Goliath is not your average science fiction novel. Onyebuchi jumps through first, second, and third POV, from a traditional Western narrative structure to documentary footage to nonfiction journalism articles. Time is nonlinear here, with some stories happening in the past, others in the characters’ presents, and others in their futures. It is somehow simultaneously epic yet intimate in scope, with a large cast of characters spreading across several states and many years, most of whom are connected to each other by one man ... Goliath reminds me of Angela Mi Young Hur’s devastatingly good 2021 speculative novel Folklorn. Content-wise, the books couldn’t be more different, but in terms of the way they made me feel, both while reading and afterward, they are very much alike. The two books are dense in plot and background and play with time, space, and knowledge in frighteningly clever ways. They’re emotionally heavy and intellectually layered to the point where multiple reads are required for full understanding. Neither are easy weekend reads by any means, and you’ll probably feel more like you just ran a marathon when you turn that last page rather than feel peaceful satisfaction ... Whatever Goliath is, however you interpret and experience it, it’s clear that Tochi Onyebuchi is one hell of a writer. This is a visceral and bracing text, as layered as an archaeological dig.

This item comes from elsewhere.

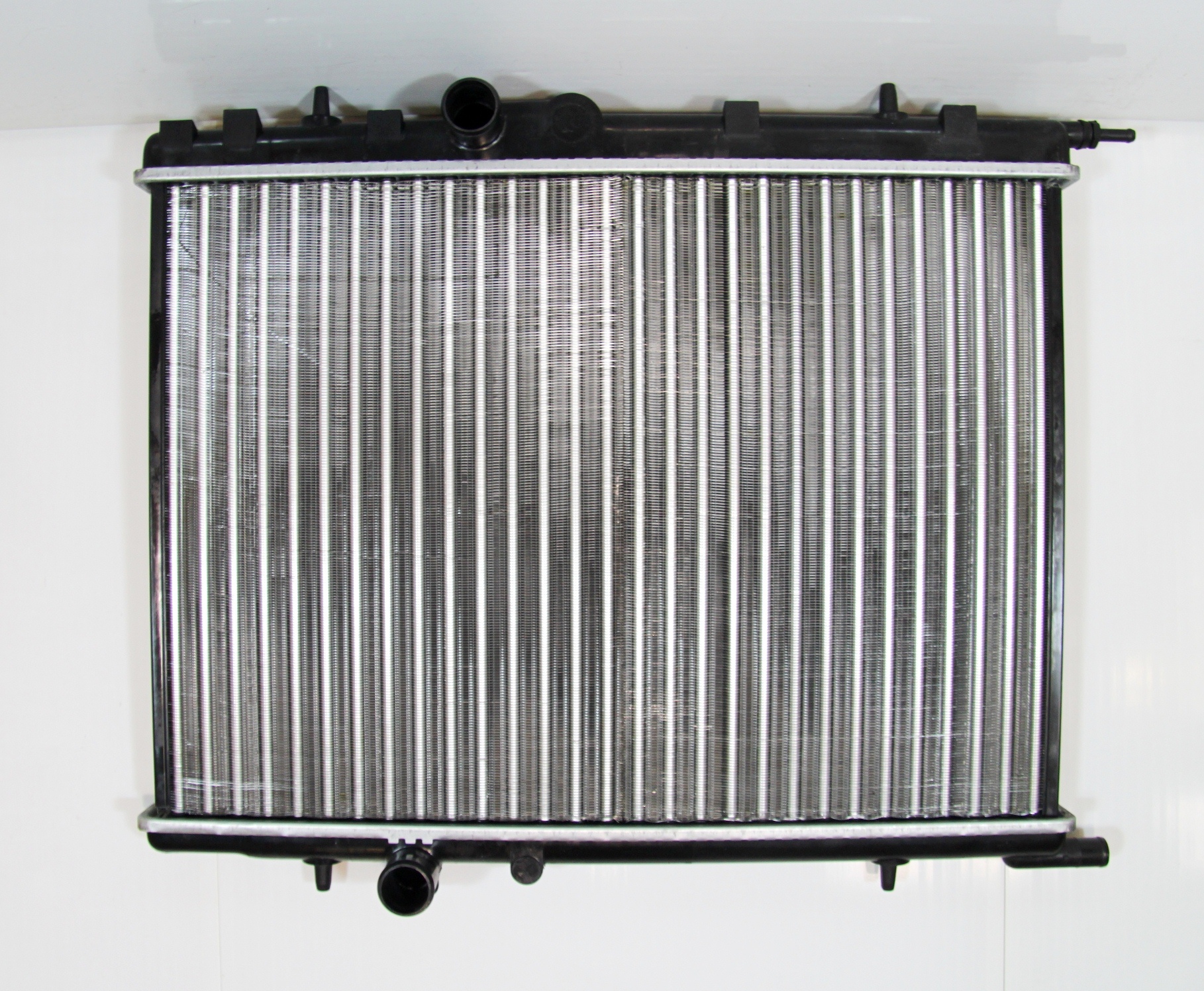 TERMAL - Радиатор охлаждения Citroen Berlingo, PEUGEOT 307 1,6-2,0 M +/-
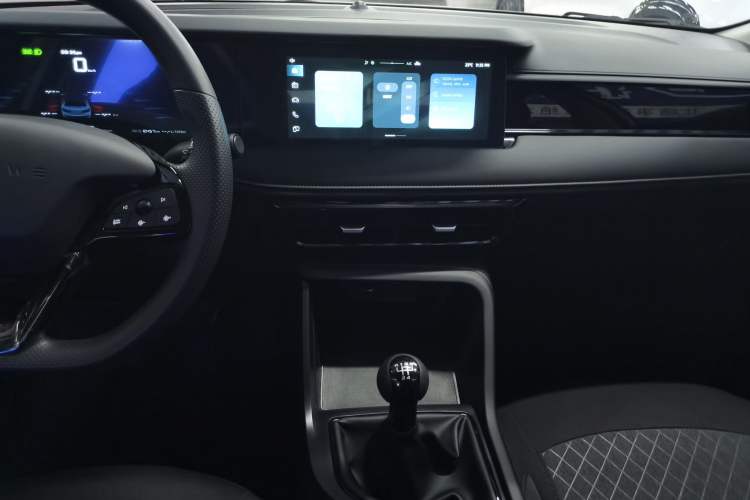 Used Roewe i5 2023 1.5L Manual Comfort Edition Audio And AC Panel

It’s an ingenious premise: Onyebuchi suburbanizes outer space and makes battered, almost uninhabitable provincial America the frontier ... In its scale and ambition, Goliath has the feel of a Tom Wolfe novel, but there isn’t really any central action or plot that forces the different characters, up and down the class ladder, into contact and conflict with one another. The story jumps between points of view and moves backward and forward in time ... How all this hangs together matters less in the end than the picture of a broken America these stories present ... Characters with different back stories wander onstage and reveal themselves. This puts a lot of pressure on each scene to deliver meaningful revelations ... In a strange way, though, the stakes remain low, if only because there’s so little hope that their lives will ever get better ... Inevitably, tensions between the two communities reach a climax, and the result is a tragedy you don’t need to be a science-fiction writer to imagine. But the speculative machinery offers a nuance here, too.
With deep emotional resonance, a strong biblical theme and tautly written speculative mechanics, Goliath is a real powerhouse of a novel. However, I’d be remiss not to mention its celebration of Blackness: the high-stakes tension of a game of spades, the pure poetry of the lyrics of Pusha T and Kendrick Lamar, the abundant energy of an 'Atlanta-ass' story. Too often these elements are cast off as 'urban' fiction or, if they find their way into (predominantly white) literary fiction at all, praised for 'elevating' the culture (as if it arises from a place so low as to require elevation). But Onyebuchi, with his generous, intellectually layered prose, celebrates all of these details and more, making them near-heroic qualities, signifiers of resistance in a world hell-bent on stomping out culture. Visceral, urgent and terrifyingly clever, Goliath is a prophecy in and of itself. Onyebuchi will change the way you think about systemic oppression and the need for resistance. Whether it is with this novel or his next brilliant work, he is sure to leave a lasting mark on the literary world.